Originally published in 1975, PROXIMAL MOROCCO— is a collection of poems by Mohammed Khaïr-Eddine written in fits and starts during a span of 10 years (1964-1974), during the fever pitch of his political exile from his homeland of Morocco which he fled, partly for fear of political persecution and partly to pursue a literary career in Paris, France. Laced with the same politically-inflected Surrealistic fervor as Aimé Césaire, the book is at once a powerful outcry to fellow artists for international solidarity of the colonized and outcast and a documentation of the pain and struggle of exile.
“Mohammed Khaïr-Eddine is a poetic force, and Jake Syersak's unrelenting, uncompromising translation brings one of his most alive books crashing into English ‘in the likeness of thunder.’” — Emma Ramadan
Poetry. Middle Eastern Studies. Translation.
Jake Syersak received his MFA from the University of Arizona and is currently a PhD student in English and Creative Writing at the University of Georgia. He is the author of YIELD ARCHITECTURE (Burnside Review Press, 2018) and several chapbooks. His poems have appeared in Black Warrior Review, Colorado Review, Verse Daily, Omniverse, and elsewhere. He edits Cloud Rodeo, co-edits Radioactive Cloud, serves as a contributing editor for Letter Machine Editions, and co-curates the Yumfactory Reading Series in Athens, GA.
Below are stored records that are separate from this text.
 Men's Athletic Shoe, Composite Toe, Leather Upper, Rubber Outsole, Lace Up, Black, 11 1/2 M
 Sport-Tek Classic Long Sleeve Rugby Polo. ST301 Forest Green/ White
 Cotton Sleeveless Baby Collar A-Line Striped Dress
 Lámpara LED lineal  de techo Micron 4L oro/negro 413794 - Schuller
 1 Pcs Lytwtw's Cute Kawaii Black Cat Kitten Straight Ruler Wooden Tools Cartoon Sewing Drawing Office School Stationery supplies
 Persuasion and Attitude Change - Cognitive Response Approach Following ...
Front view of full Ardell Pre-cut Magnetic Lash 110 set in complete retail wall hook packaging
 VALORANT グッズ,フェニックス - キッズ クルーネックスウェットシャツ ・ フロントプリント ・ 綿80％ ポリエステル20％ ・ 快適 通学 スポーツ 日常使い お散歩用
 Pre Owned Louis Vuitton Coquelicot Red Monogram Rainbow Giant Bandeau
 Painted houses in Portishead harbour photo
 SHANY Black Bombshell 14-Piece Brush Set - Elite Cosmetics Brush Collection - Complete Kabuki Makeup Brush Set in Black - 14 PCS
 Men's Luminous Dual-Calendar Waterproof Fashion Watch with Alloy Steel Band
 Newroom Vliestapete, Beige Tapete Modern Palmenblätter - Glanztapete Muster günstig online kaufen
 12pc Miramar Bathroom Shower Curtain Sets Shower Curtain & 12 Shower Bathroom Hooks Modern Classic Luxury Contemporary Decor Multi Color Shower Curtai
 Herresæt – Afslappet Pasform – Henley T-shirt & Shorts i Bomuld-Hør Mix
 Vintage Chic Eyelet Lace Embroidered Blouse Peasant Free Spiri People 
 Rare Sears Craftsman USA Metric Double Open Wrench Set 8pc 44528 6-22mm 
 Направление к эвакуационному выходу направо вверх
Author City: ATHENS, GA USA
Mohammed Khaïr-Eddine was born in 1941 near Tafraout, Southern Morocco, of Berber heritage. One of the major Francophone avant-garde poets of his generation, he is especially well-renowned for his "guerrilla linguistic," an incendiary, Surrealist-inspired, insurrectionary style of writing. AGADIR, his first full-length work, won the Jean Cocteau "Enfants terribles" prize in 1968 and was followed by numerous works of prose, poetry, and drama, including Corps négatif suivi de Histoire d'un bon dieu (1968), Soleil arachnide (1969) Moi, l'aigre (1970), Le Déterreur (1973), Une odeur de mantèque (1976), and Résurrection des fleurs sauvages (1981). One of the co-founders (with Abdellatif Laâbi) of the magazine Anfas/Souffles (Breaths), he lived in self-exile in France from 1965, returning to Morocco only in 1979. He died in Rabat on November 18, 1995, Independence Day in Morocco.